The DRC from which many refugees flee is reflected as having a wonderful Constitution and therefore a government that protects its people. The problem lies not with the government but only with “the rebels”.

The situation in Burundi or Syria is also just fine for people to return to, when that is clearly not the case.

Why is it that departmental officials appear to be biased in favour of leaders and regimes in Africa who are known to oppress their people instead of supporting our brothers and sisters from Africa who seek protection here? Why has home affairs no memory of our apartheid past and how badly people in government can abuse their power and oppress citizens in their own countries?

Call for action

We urge you, Mr President, to make an unannounced visit to the refugee reception offices and speak to ordinary asylum seekers about the way they are treated “like dogs” — spoken to dismissively, pushed and shoved, told to “go back to your country”, “there is no war in Syria”, kept waiting for a entire day, only to be turned away repeatedly, and subjected to endless requests for bribes before they are assisted.

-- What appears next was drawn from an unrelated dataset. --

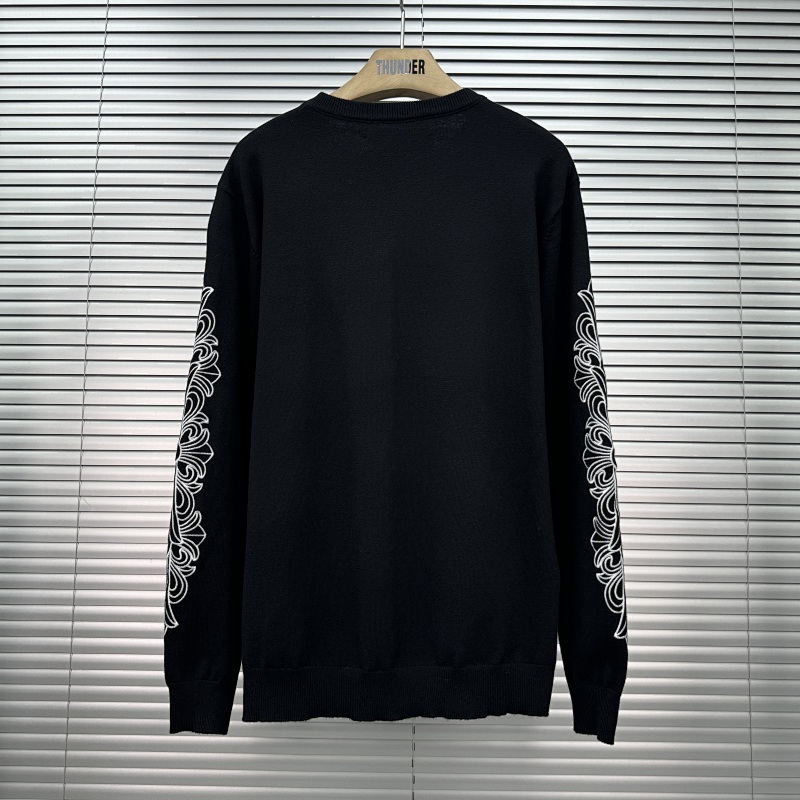 Ch price：278CNY 10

The department is in crisis, operating in flagrant disregard of constitutional values, cripplingly inefficient and poorly managed, with reports of widespread bribery and corruption. There is no complaints mechanism or transparency and a total disregard of the Batho Pele principles.

Without changes at the highest levels, home affairs will continue to be a threat to our democracy and the values espoused in the Constitution.

The risks to our democracy emanate not only from theft of public funds but also from the flagrant undermining of the values of our Constitution. We urge you to use the mechanisms available to you as you have done in other cases of malpractice to ensure that, by 2019, we can celebrate South Africa’s contribution to supporting and protecting refugees.